__EXERCISE OBJECTIVE__
When you reach the line containing "SuperValue Suite #1", begin reproducing the material exactly, stop after the line containing "Vista exterior de", and leave out any pictures along the way.

__EXERCISE INPUT__
--------------------

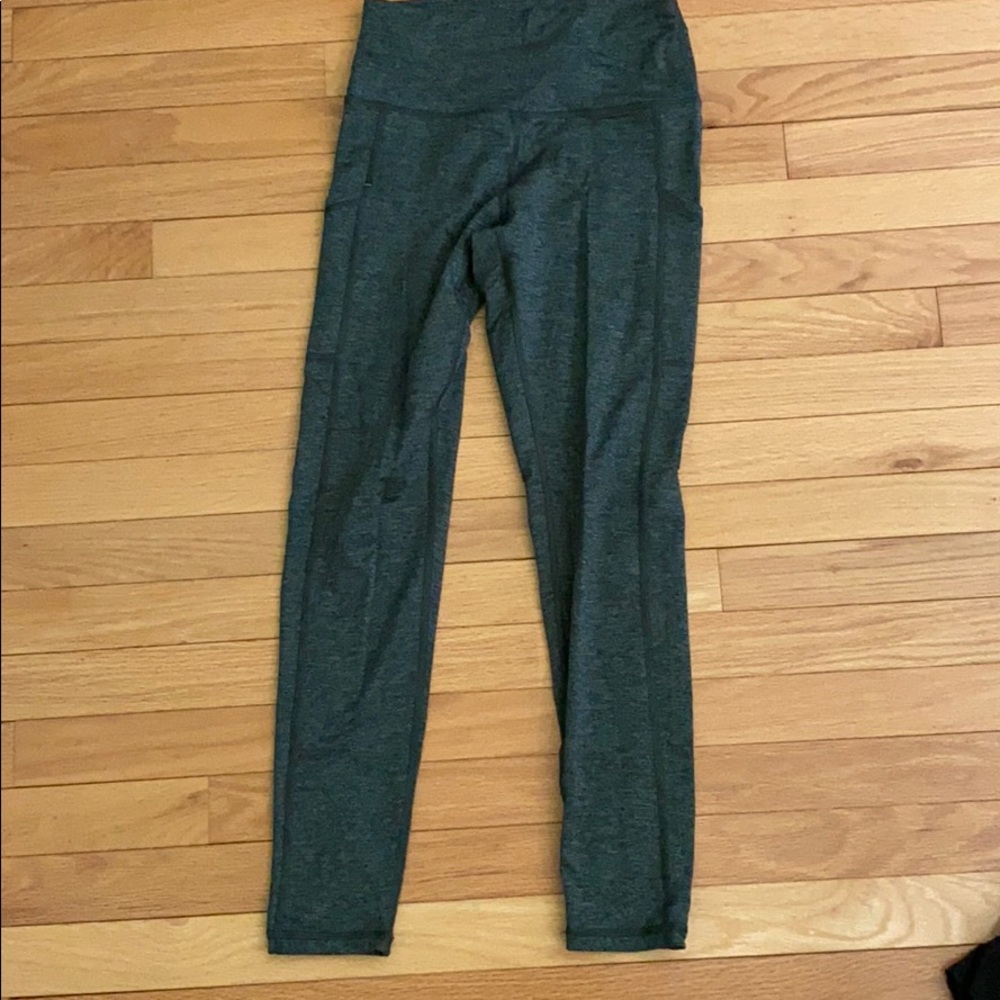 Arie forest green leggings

--------------------

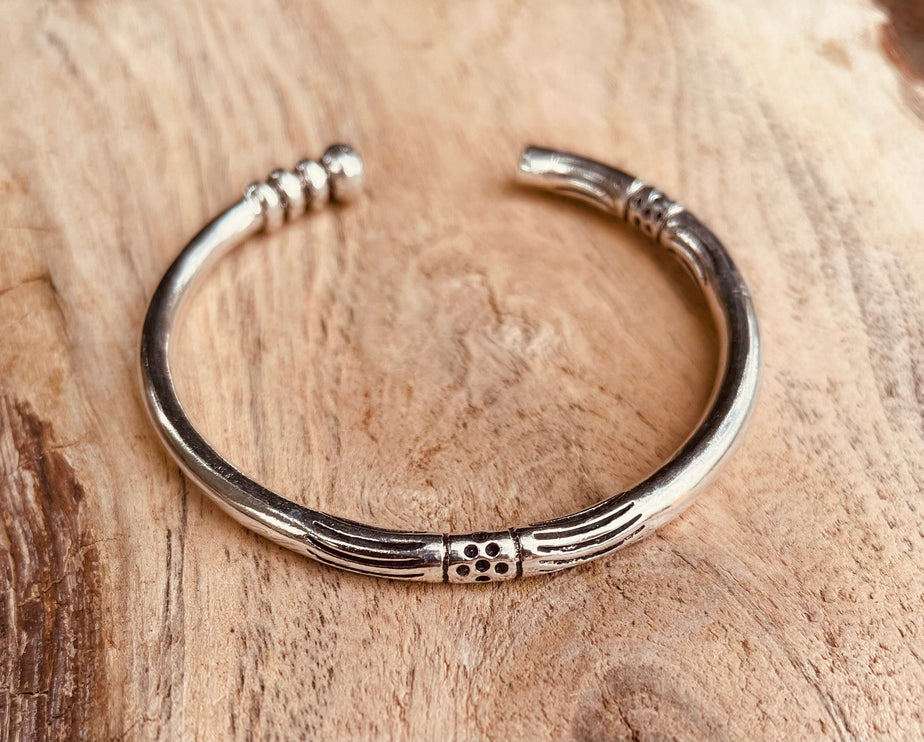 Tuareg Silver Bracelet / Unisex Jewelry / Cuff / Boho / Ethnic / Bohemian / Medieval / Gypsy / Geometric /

--------------------

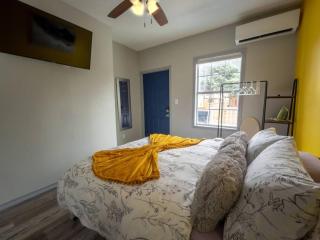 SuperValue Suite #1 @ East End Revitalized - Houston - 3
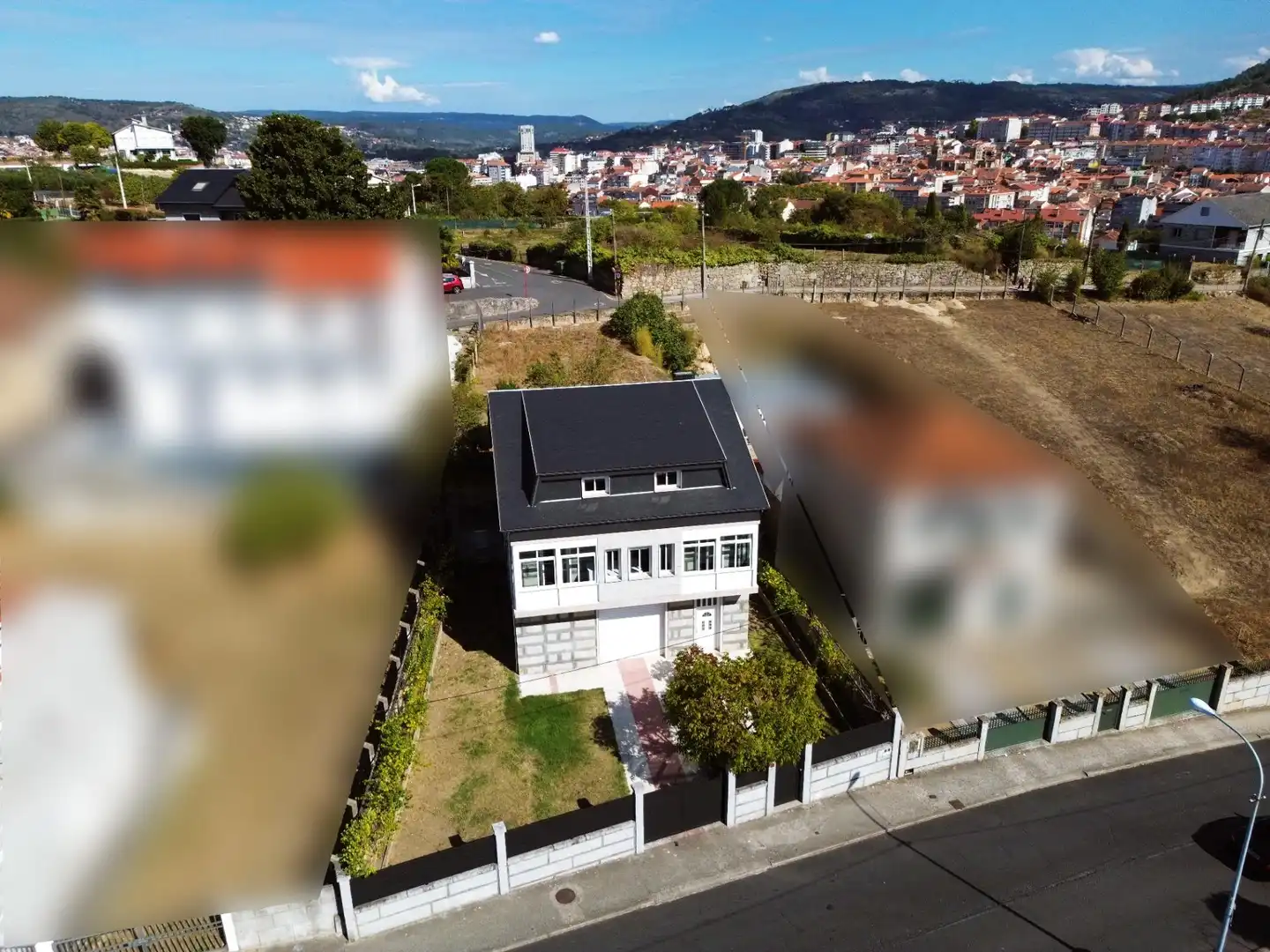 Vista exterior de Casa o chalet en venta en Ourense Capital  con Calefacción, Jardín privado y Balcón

--------------------

__EXERCISE RESPONSE__
 SuperValue Suite #1 @ East End Revitalized - Houston - 3
 Vista exterior de Casa o chalet en venta en Ourense Capital  con Calefacción, Jardín privado y Balcón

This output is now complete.